In late 1999 I received a recently declassified report regarding the loss of # 802 BAIT ME, and Major Sanders Crew when they iced up, lost control and augured in on their way to Suiho. The Flight Engineer, Al Gerrato, came back to the 93rd Squadron and was required to complete his tour even though he begged to be allowed to go home for a new crew. He was very similar to "Yossarian", the madcap B-25 Bombardier in the book "CATCH 22" by Josef Heller * (started in 1953 and finished in 1961 while he was a Teacher at Penn State). Gerrato even LOOKED like Alan Arkin who played "Yossarian" in the movie! "Catch 22"has become a universal catchphrase for contradictorily preposterous rules and regulations ... ..and was evolved from the hypothesis that to fly combat missions you had to be CRAZY ... and to NOT want to fly combat missions was very rational and of course reflected that you COULDN'T be crazy ... so if you weren't crazy you had to fly combat! "CATCH 22!"

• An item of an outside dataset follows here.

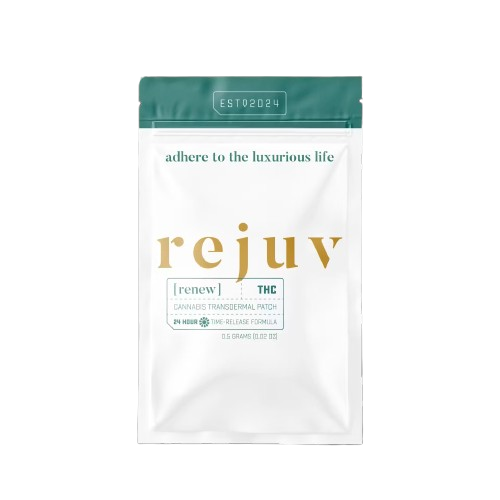 Cannabis Transdermal Patches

From late September until we left Kadena on 12/21/52, "Yossarian" was with us in the wooden bench -seated truck to the flight line and briefing room even though he did not fly often, filling in as a "Spare Flight Engineer", joining us on the crew truck, often singing "Off we go, into the Wild Blue Yonder ... ..". After reading the accident report 47 years after the incident ... I understand!

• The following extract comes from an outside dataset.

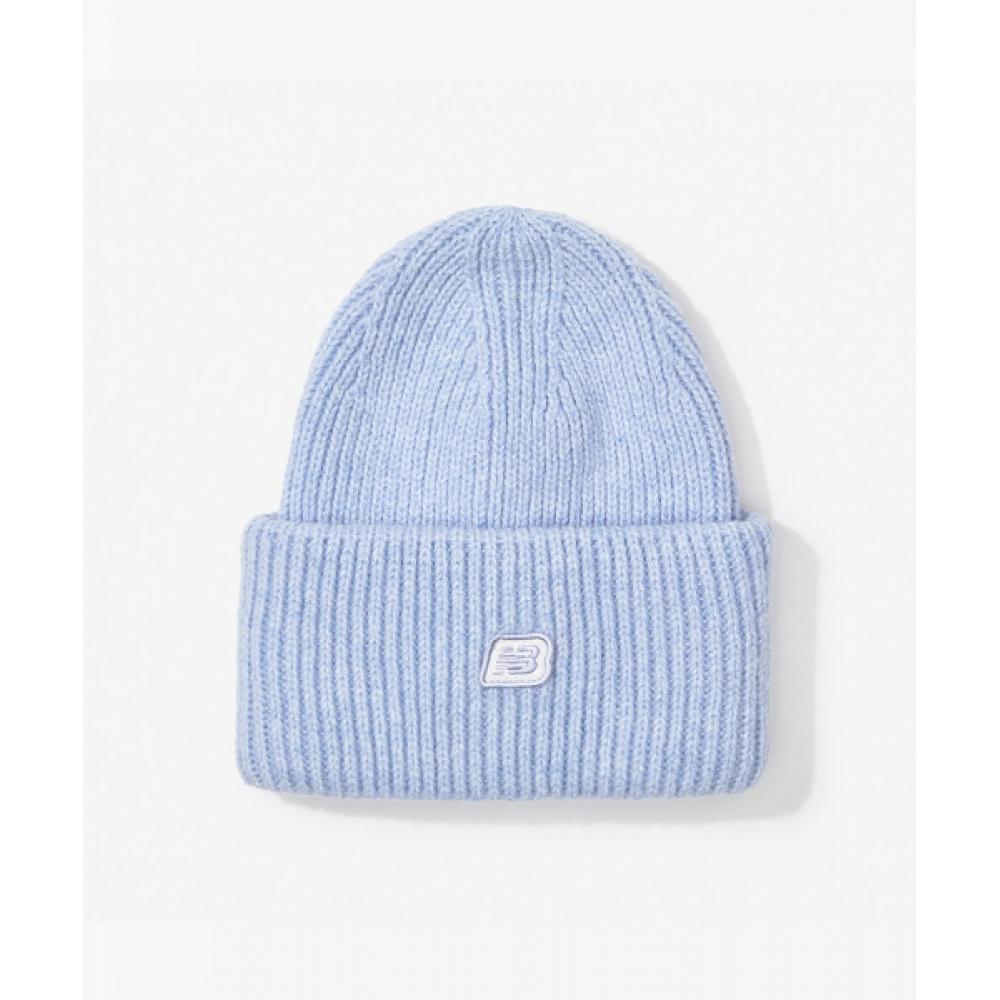

New Balance Nbgdefw802 Heavy Beanie Light Blue 51LBLUE/FREE999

( Joseph Heller was an English Professor at Penn State and started his book CATCH 22 there in 1953 and finished it in 1961, and upon learning this I have always wondered if one of the main book characters, " Major Major Major", was perhaps named after or inspired by an English Composition II /Short Story writing Course instructor I had at Penn State in Spring term of 1955, PROFESSOR MAJOR ... and for which I got an "A" ... a long way from my "Bar 2" ("F") days in my first semester in 1950! I can perhaps vicariously think that Professor Major had even shown Heller some of my short stories!)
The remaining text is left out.